Supplier vehicles delivering good and services may be under lease agreements that carry with them the possibility of direct access to reasonable data, but most will not.

The last major category is the transportation taken by visitors and customers traveling specifically to meet with company staff or attend company events.

Buildings and industrial processes are getting more efficient in well-managed corporate energy programs. Power grids and natural gas networks are reducing their emission indexes with the increased use of renewable sources. As a result, it is increasingly likely that the total transportation or mobile carbon footprint of the company will be on the same or even larger scale as the stationary footprint.

As in all efficiency programs, the first thing is to define the efficiency unit of measurement. In most companies there are really three categories—Vehicle Mile Traveled (VMT), Passenger Mile Traveled (PMT), and Goods Mile Traveled (GMT), where “goods” is the company’s product or service on its way to the customer, or a third-party product or service being delivered to the company’s operations.

Energy Expert

This article is part of our monthly Energy Expert column. Read more from Peter Garforth.

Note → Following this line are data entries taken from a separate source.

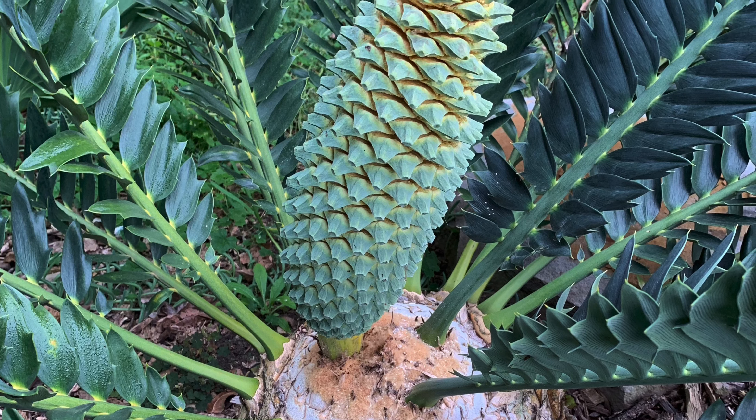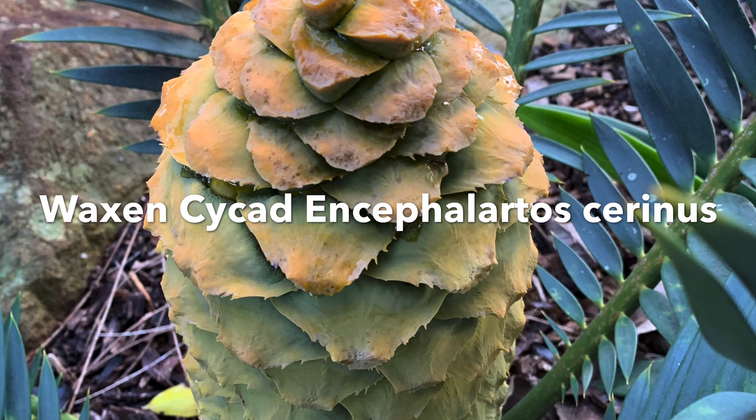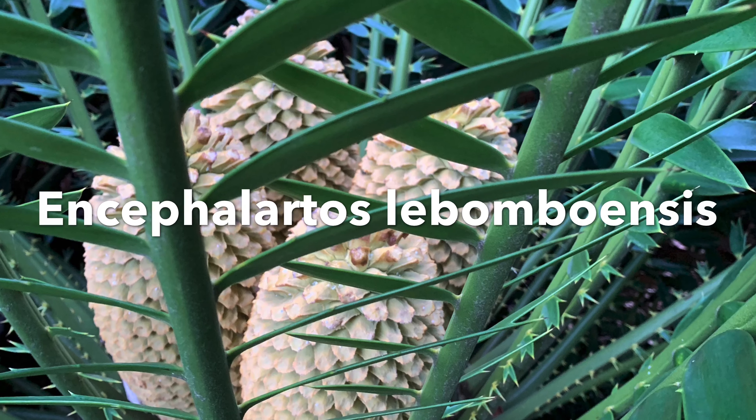You'll find many more examples of these fascinating and ancient plants in our Southern Africa garden. Southern Africa is a centre for biodiversity for cycads.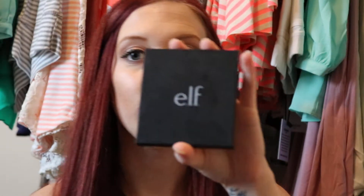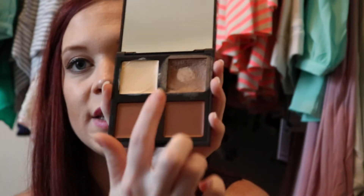The next thing I do is my contour. This is the ELF cream contour palette, which you can find at Target — I will link everything below. You can see I use that color the most for my contour. What I do is take a concealer brush from my Sigma collection and do a line here, a line here, and then around my hairline. I'm not really crazy about doing everything else — I feel like I don't really need it. And it's really easy to blend. I use my Real Techniques blending sponge, which is awesome, you guys.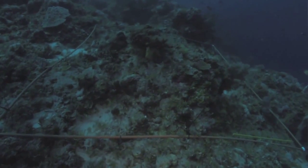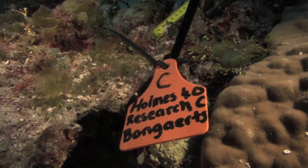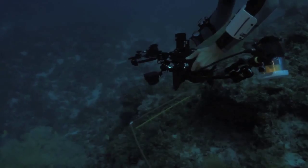We'll be using the data from these long-term quadrants to see how these deep reef communities are being affected by different kinds of disturbances. The idea is that we can go back every year, photograph these communities again, and see how individual corals have changed and been affected by disease.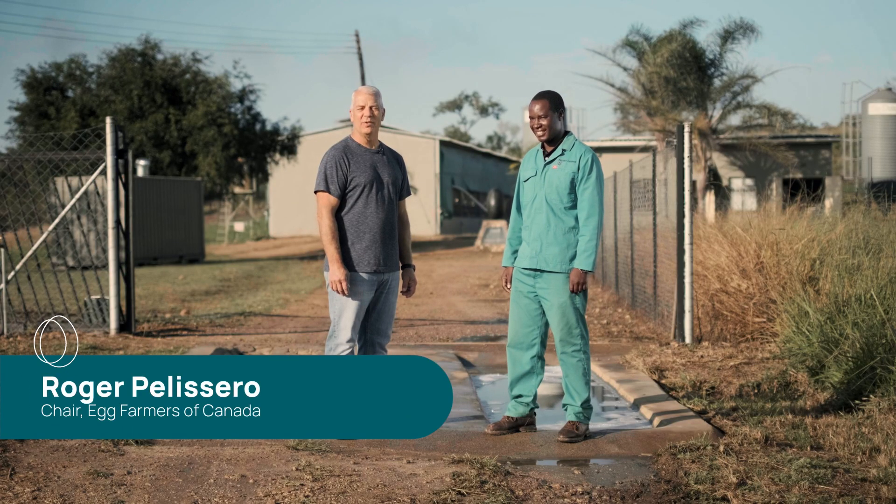Hi, I'm Roger. I'm an egg farmer and we're with the International Egg Foundation to talk about the steps required for producing quality eggs in a safe, sustainable manner.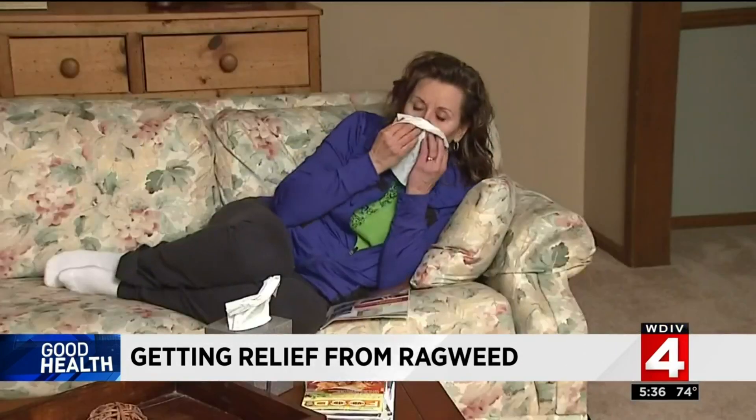Ragweed allergies can cause an itchy nose, throat, and eyes. Sneezing, nasal congestion, and watery eyes are also common.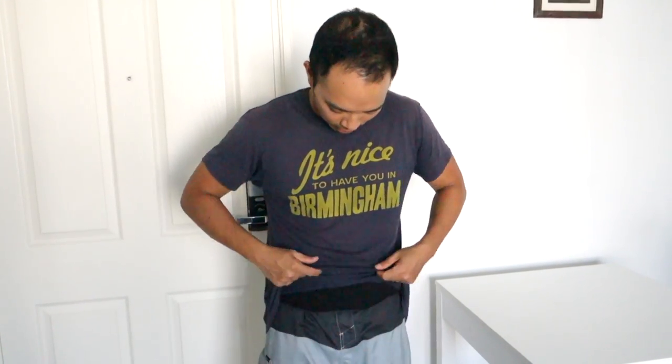Hi, this is Jed with TheIntentionalTravelers.com and we're doing a gear review of our favorite new hidden wallet — travel wallet — which is actually not a hidden travel wallet, that's not its intended use. It's the FlipBelt, as you can see right here.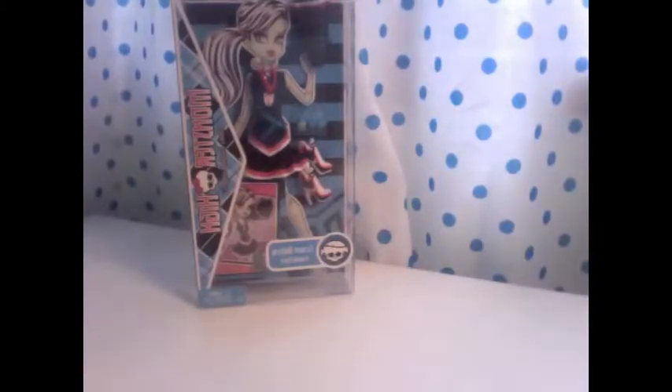Hi IT doll reviewers, this is me again and I'm showing you an accessory for Monster High. I know I've been showing a lot of Monster High videos but I'm just kicking those dolls out for right now so I can show you my Winx dolls.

Simply gathering the basic data on all the trips, vehicles, passengers, and goods in a comprehensive and systematic way will be a creative challenge. However, energy managers have a wealth of experience and new technical approaches available to get a complete picture of the real energy use, cost, and emissions impact of transportation.

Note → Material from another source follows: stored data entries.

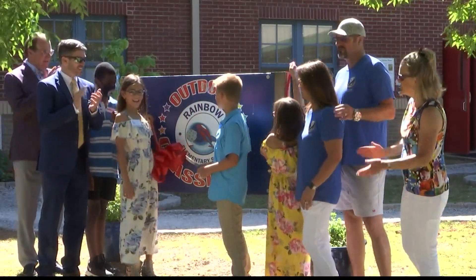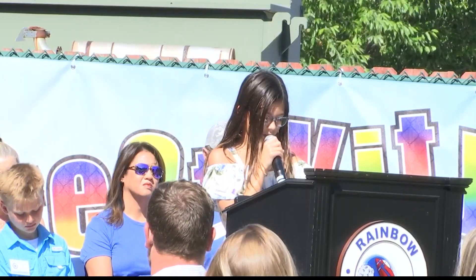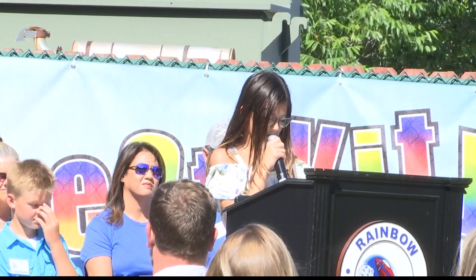Four students spoke at the ceremony, presented by the Alabama Wildlife Federation. The students are looking forward to this new opportunity to learn outdoors.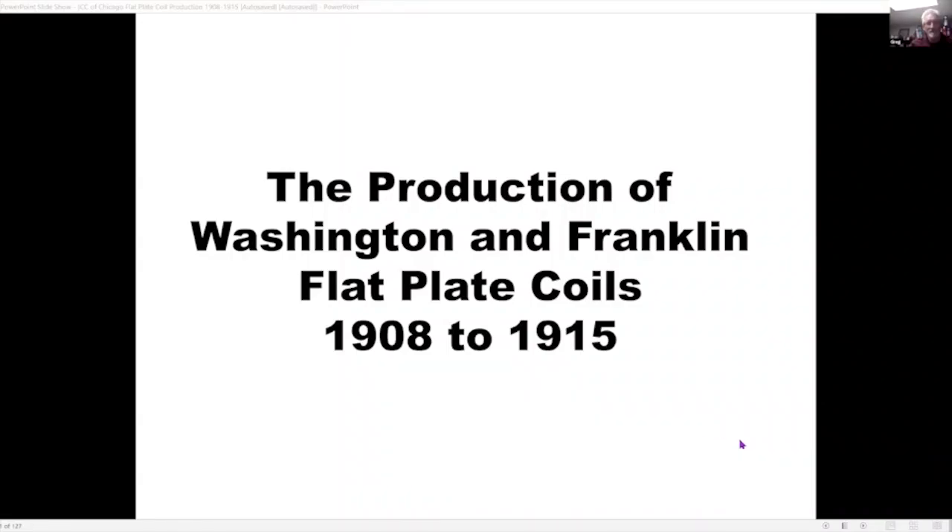Thank you very much Tim. Just a little background — I've probably been collecting these issues for over 30 years and been involved in exhibiting for about 16 to 17 years. As you say, there were a lot of things the bureau did as far as issuing these stamps that were not really announced, which led to a lot of different varieties. There are still new discoveries being made today, even though some of the issues are over 100 years old.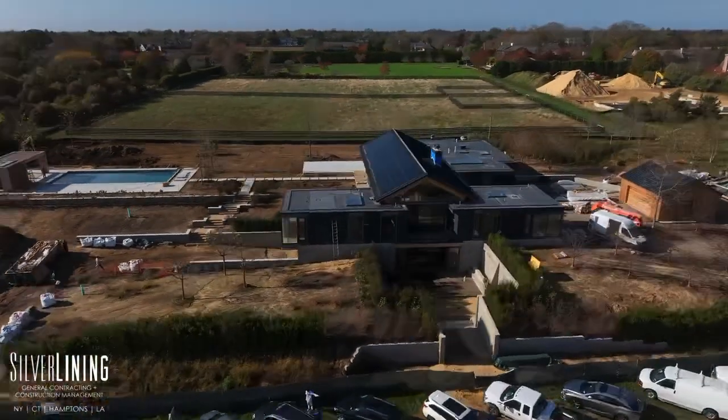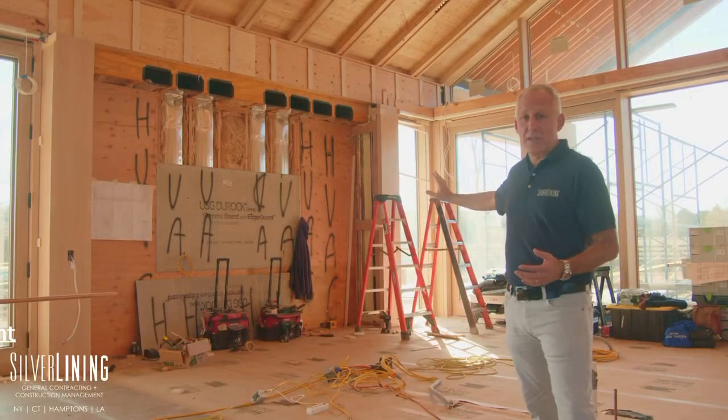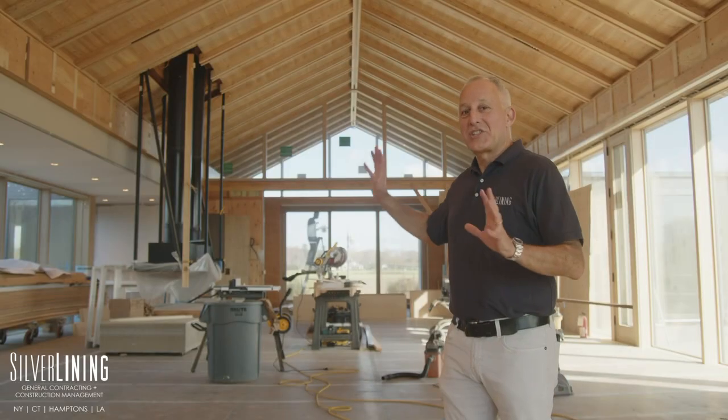This is a big day because the kitchen is arriving from Switzerland. So this is the space where the kitchen goes. There will be an island right here. The large ceiling is completely installed and the lights are in place.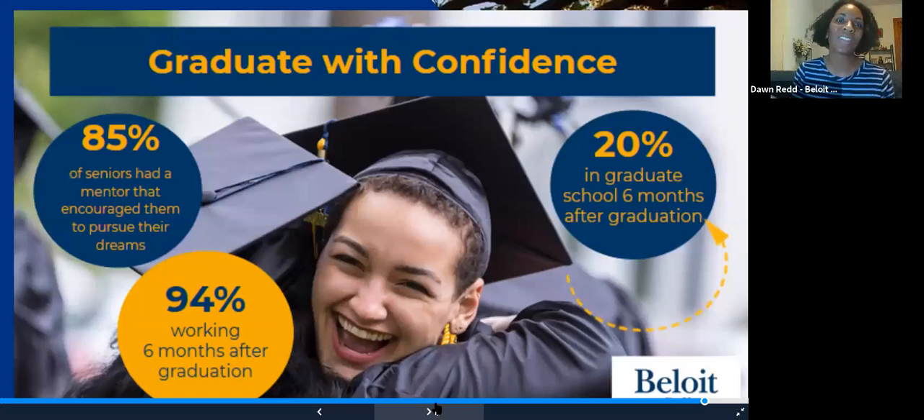94% of our graduates are doing the thing they want to do — going into the workforce or grad school within six months of graduation. We think our 85% figure for career outcomes within six months will go up now that we've added our Advanced Mentoring Program. Advising is really our strength — if you lined up a bunch of similar schools, not a lot of them can talk about advising the way we do.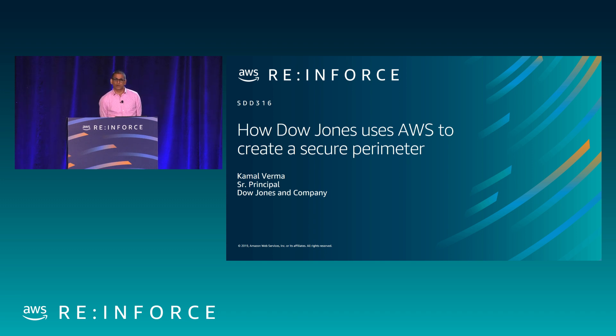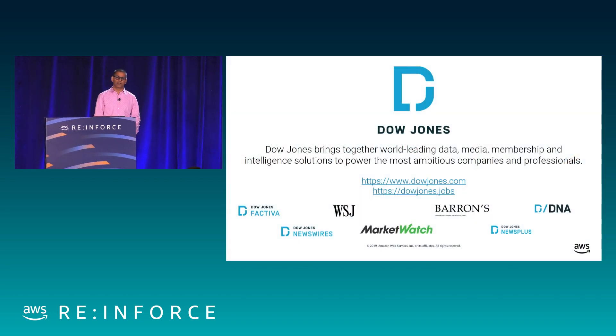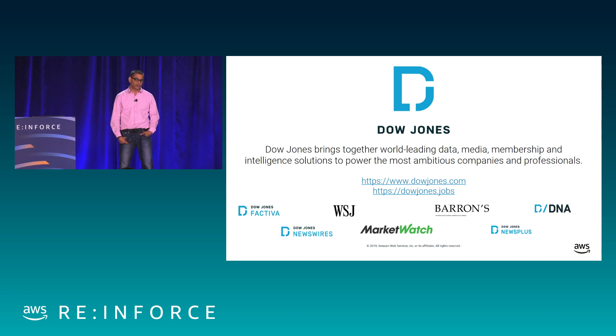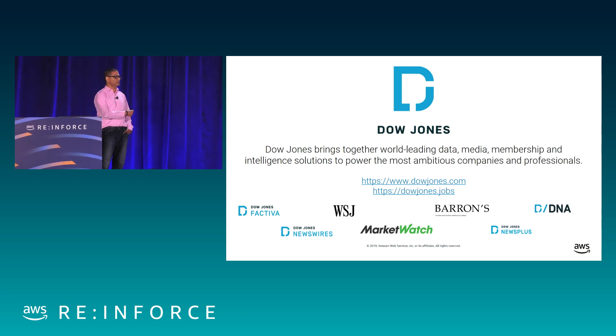In this talk, I'm going to quickly go over what we do as Dow Jones. If you don't know about Dow Jones, it's the leading financial news provider. We own a lot of institutional as well as consumer products like Factiva, WSJ, MarketWatch, Barron's, and News Plus. Primarily, I'm responsible for the aspect where we work with large enterprises and institutions — not directly consumer-related.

Once armed with a view of the baseline, setting the environmental and economic framing goals for transportation’s energy footprint is essential, recognizing that net zero GHG by 2050 is likely to be one of them! This will be followed by simulating various combinations of all the possible measures that can be put in place over the next decade or two, to reach the framing goals. 

There are ways to make transportation more efficient, including eliminate the need for the journey in the first place.  If nothing else, COVID has taught us that a lot of work can get done without traveling. The next way is to shorten the trip. The third group of measures will explore ways to increase the PMT/VMT and GMT/VMT ratios wherever feasible.

Lastly, ensure that whatever vehicle is being used, it will be the most efficient with the least greenhouse gas emissions.  This will move vehicle choices toward low-carbon electricity, green hydrogen, biofuels, and maybe CNG.

Corporate transportation energy management is a rich pool of opportunity for creative program design that can have substantial environmental and competitive impacts. The demands on creativity will be magnified given that the majority of the company’s trips will be in vehicles not owned by the company.

It is time to embrace the largest unmanaged part of the corporate energy and carbon footprint and bring it into the rest of the energy program. It will be challenging, but it will not be boring!